● **Data for review**

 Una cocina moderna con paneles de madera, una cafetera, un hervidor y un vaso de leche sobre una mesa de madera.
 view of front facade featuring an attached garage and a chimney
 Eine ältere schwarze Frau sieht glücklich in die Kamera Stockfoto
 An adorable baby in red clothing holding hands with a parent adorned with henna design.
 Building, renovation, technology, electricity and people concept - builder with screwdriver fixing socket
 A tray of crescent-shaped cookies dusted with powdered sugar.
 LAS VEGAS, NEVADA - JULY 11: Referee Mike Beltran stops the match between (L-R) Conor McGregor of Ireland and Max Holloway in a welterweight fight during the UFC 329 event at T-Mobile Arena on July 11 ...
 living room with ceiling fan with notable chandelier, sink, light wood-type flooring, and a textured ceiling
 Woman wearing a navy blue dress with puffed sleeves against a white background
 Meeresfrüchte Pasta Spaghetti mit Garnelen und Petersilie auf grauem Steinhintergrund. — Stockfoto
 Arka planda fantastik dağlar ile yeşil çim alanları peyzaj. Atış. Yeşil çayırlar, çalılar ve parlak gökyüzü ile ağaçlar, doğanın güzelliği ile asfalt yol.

* * *

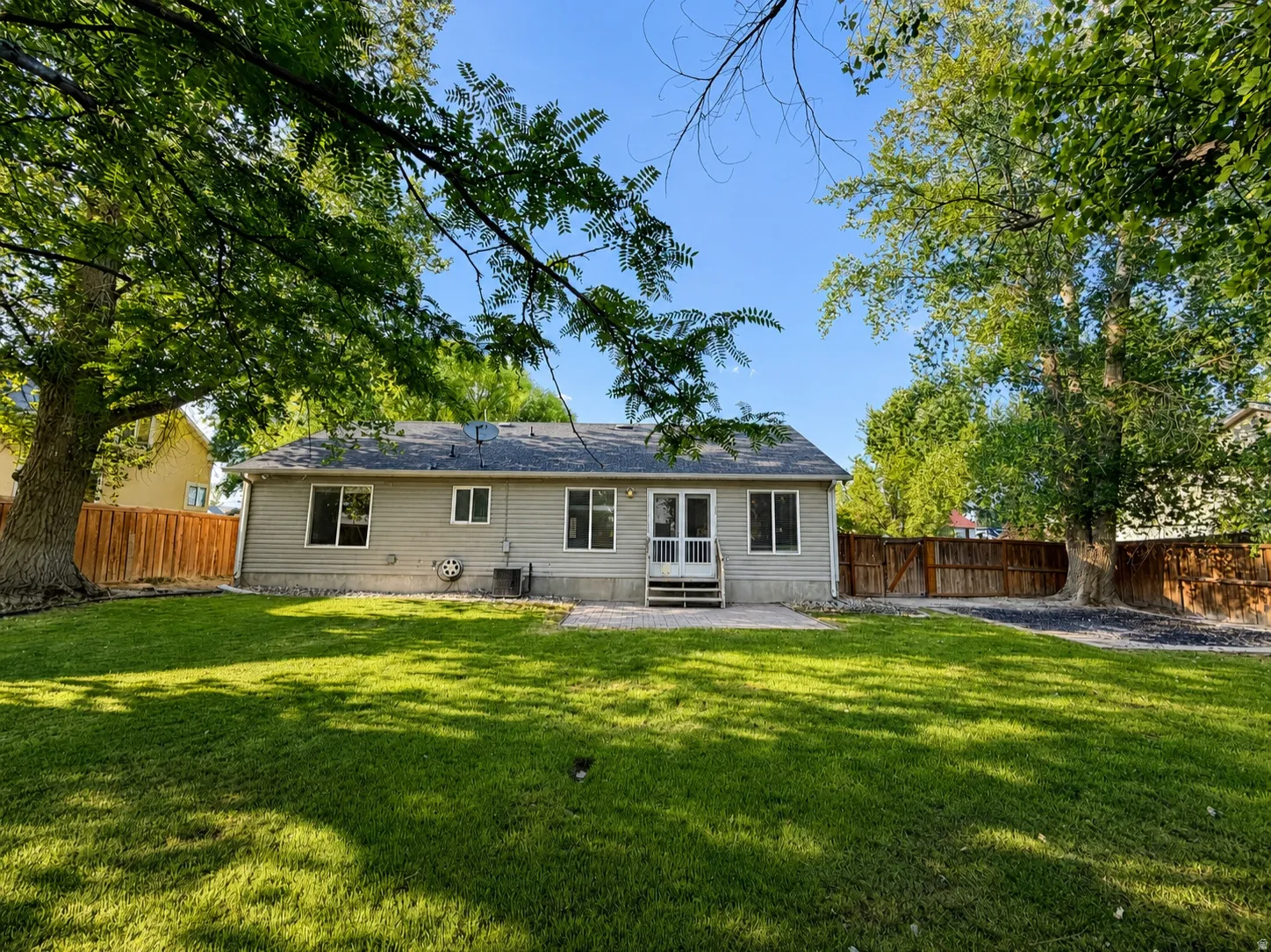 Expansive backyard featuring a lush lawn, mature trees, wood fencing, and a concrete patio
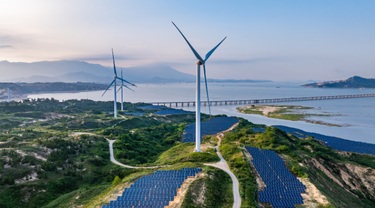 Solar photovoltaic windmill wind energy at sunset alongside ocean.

---

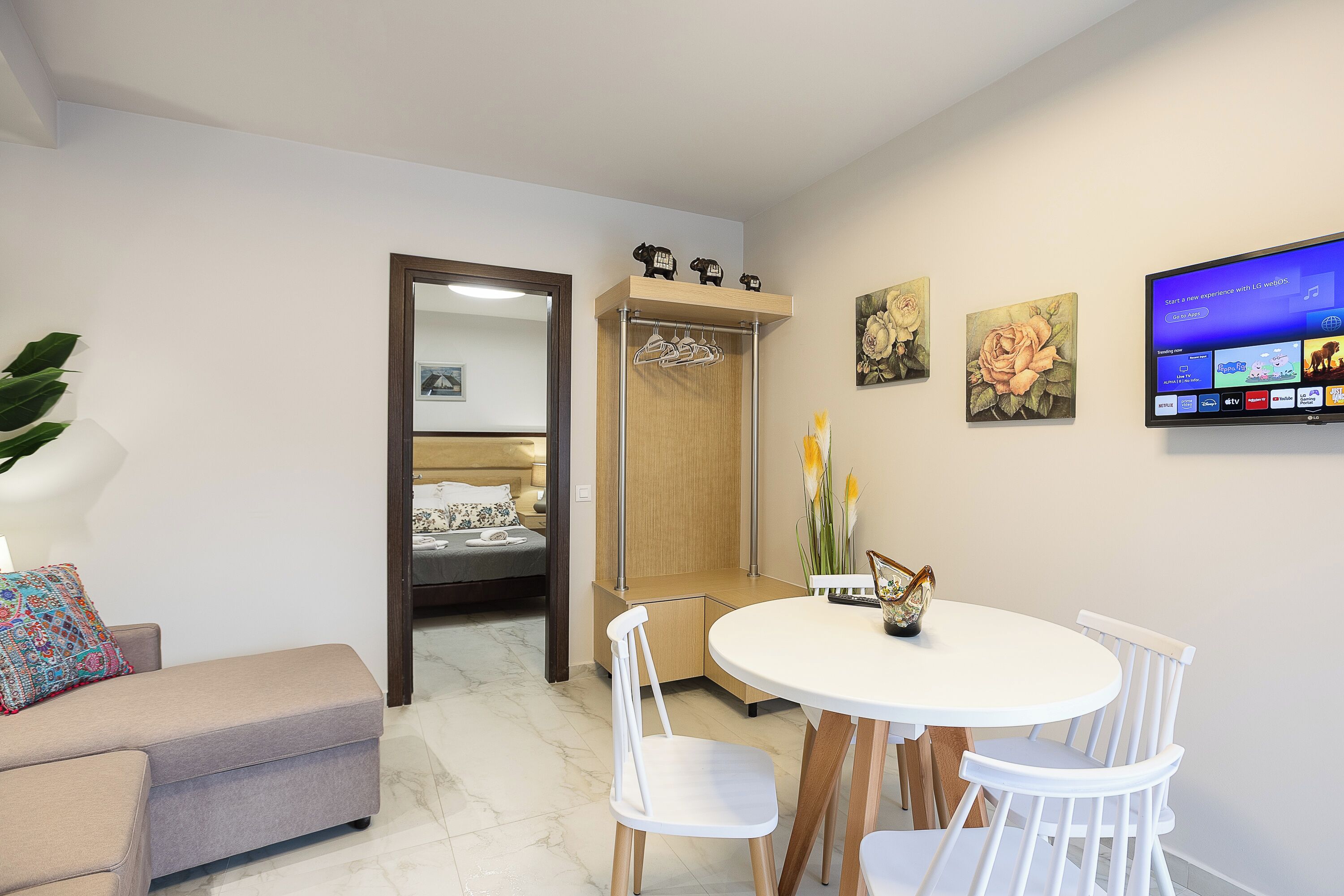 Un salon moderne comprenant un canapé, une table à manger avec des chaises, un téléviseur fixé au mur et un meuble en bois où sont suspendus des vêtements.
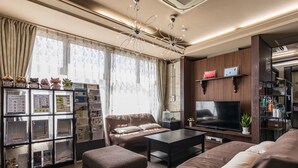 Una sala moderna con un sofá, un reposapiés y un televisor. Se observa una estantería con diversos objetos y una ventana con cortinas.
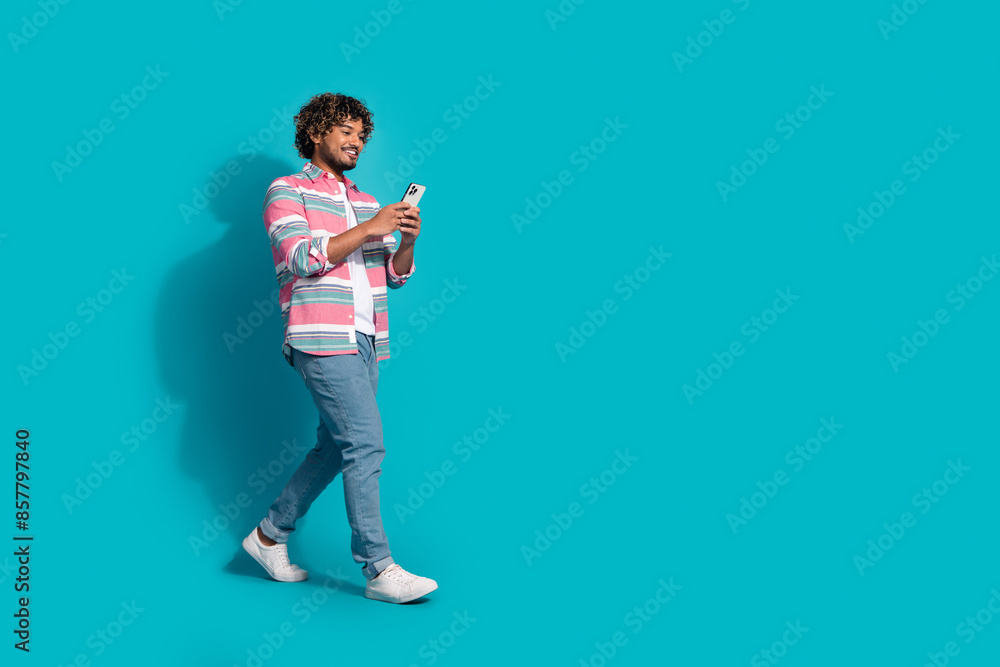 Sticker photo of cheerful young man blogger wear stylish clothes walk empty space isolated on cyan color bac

● **Required action**
In the listing above, find the line with "Una cocina moderna" and the line with "Eine ältere schwarze", then print exactly those two lines and every line between them, and nothing more.

● **Your response**
 Una cocina moderna con paneles de madera, una cafetera, un hervidor y un vaso de leche sobre una mesa de madera.
 view of front facade featuring an attached garage and a chimney
 Eine ältere schwarze Frau sieht glücklich in die Kamera Stockfoto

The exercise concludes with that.